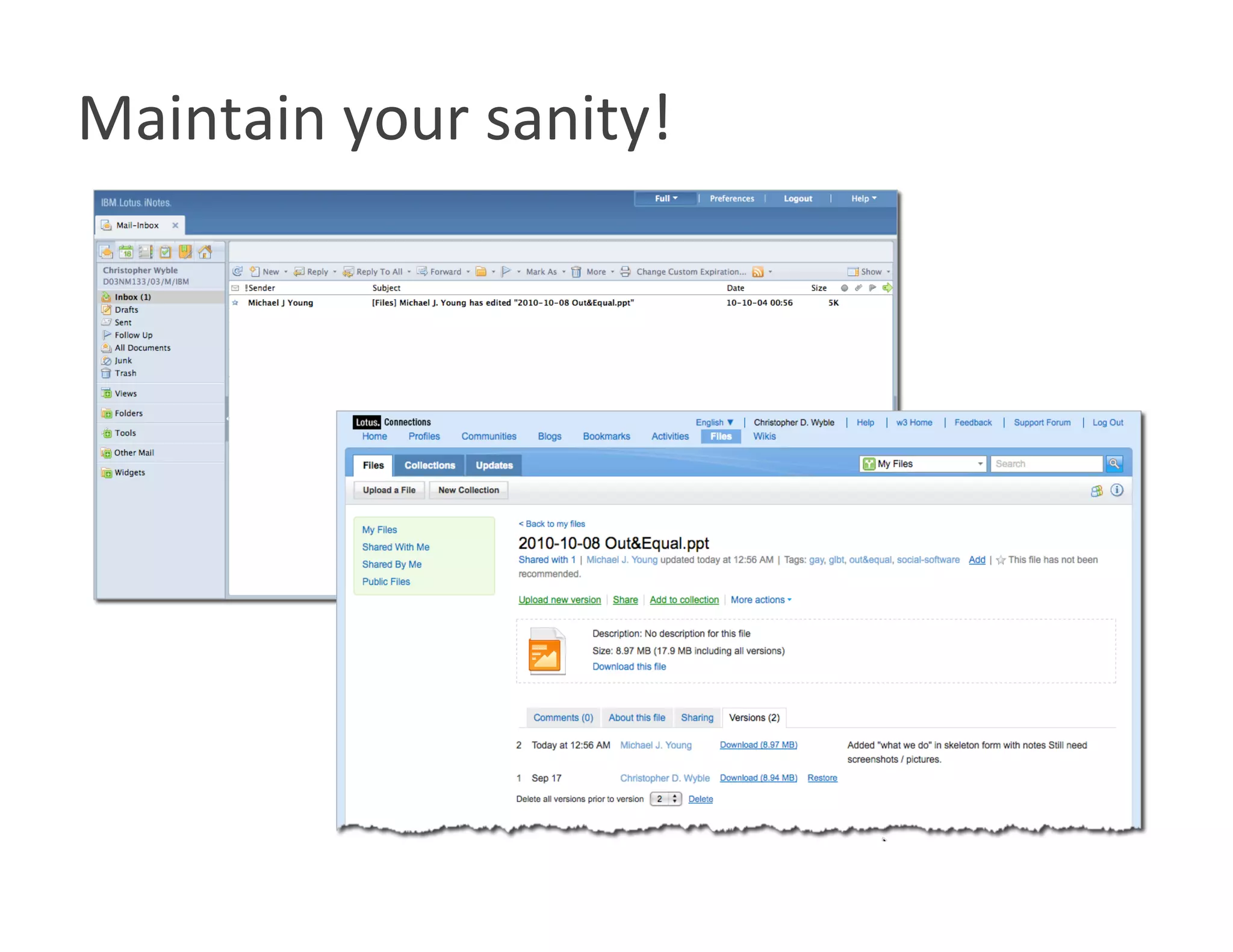 Maintain your sanity! 
 
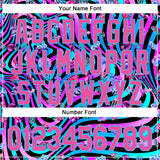 Custom Black Pink Purple-Sky Blue 3D Pattern Design Trippy Psychedelic Magic Mushrooms Authentic Baseball Jersey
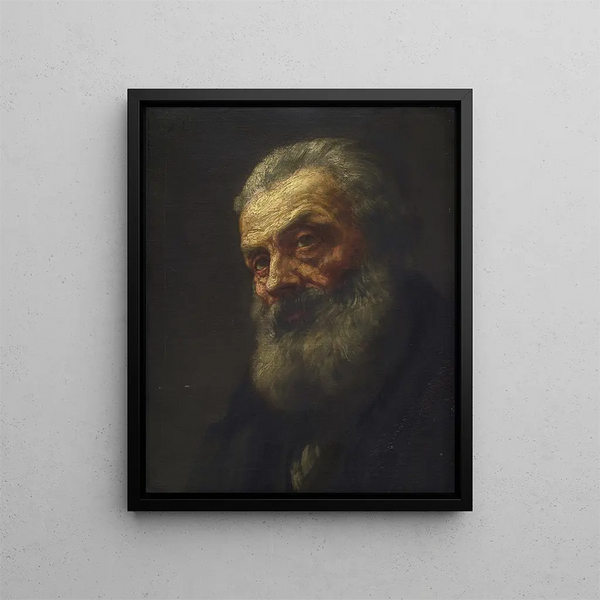 Portrait af en gammel mand - Alphonse Legros — indrammet kunstværk på væggen
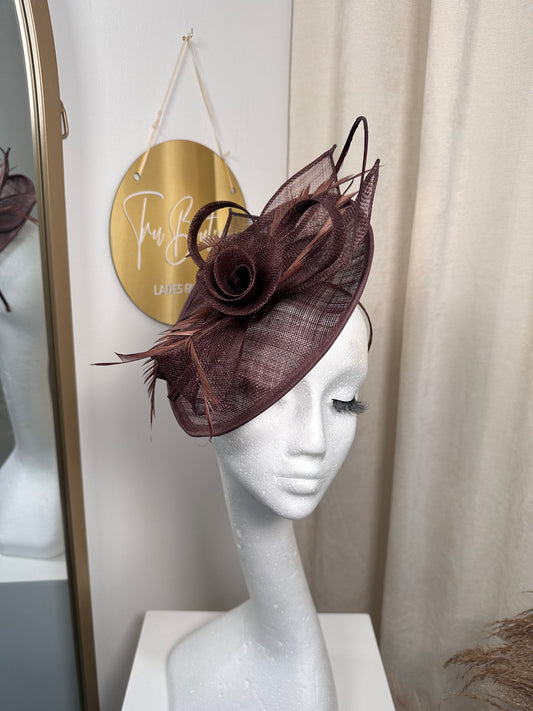 Lottie Flat Disc Fascinator - CHOCOLATE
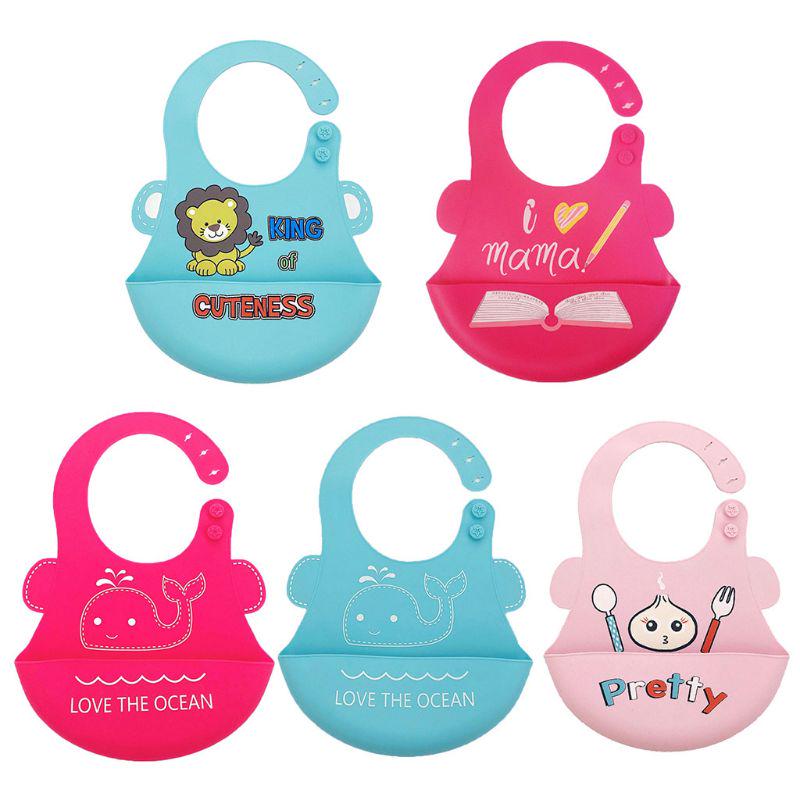 Baby Bibs Waterproof Silicone Feeding Baby Saliva Towel Food Catcher Pocket New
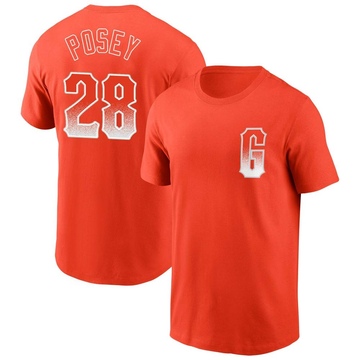 Youth San Francisco Giants Buster Posey ＃28 City Connect Name & Number T-Shirt - Orange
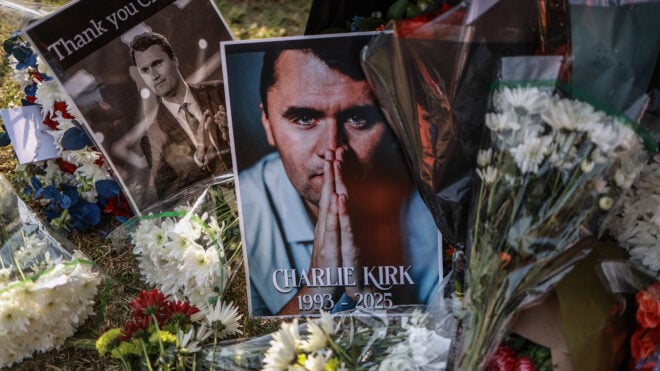 A general view of a wreath laid by mourners outside the US Embassy in Pretoria on Sept. 11, 2025, following the fatal shooting of US youth activist and influencer Charlie Kirk while speaking during an event at Utah Valley University in Orem, Utah.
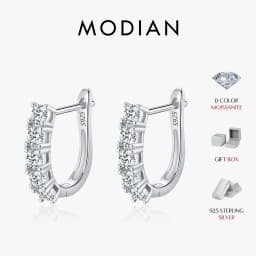 MODIAN D Color U Shape Moissanite Earrings 925 Sterling Silver Elegant Exquisite Hoop Earrings For Women Wedding Jewelry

****************************************

**Exercise**
Once the line containing "Baby Bibs Waterproof" has been copied, stop; everything from the first line of the data up to it must be copied exactly, without pictures.

**Response**
 Maintain your sanity! 
 
 Custom Black Pink Purple-Sky Blue 3D Pattern Design Trippy Psychedelic Magic Mushrooms Authentic Baseball Jersey
 Portrait af en gammel mand - Alphonse Legros — indrammet kunstværk på væggen
 Lottie Flat Disc Fascinator - CHOCOLATE
 Baby Bibs Waterproof Silicone Feeding Baby Saliva Towel Food Catcher Pocket New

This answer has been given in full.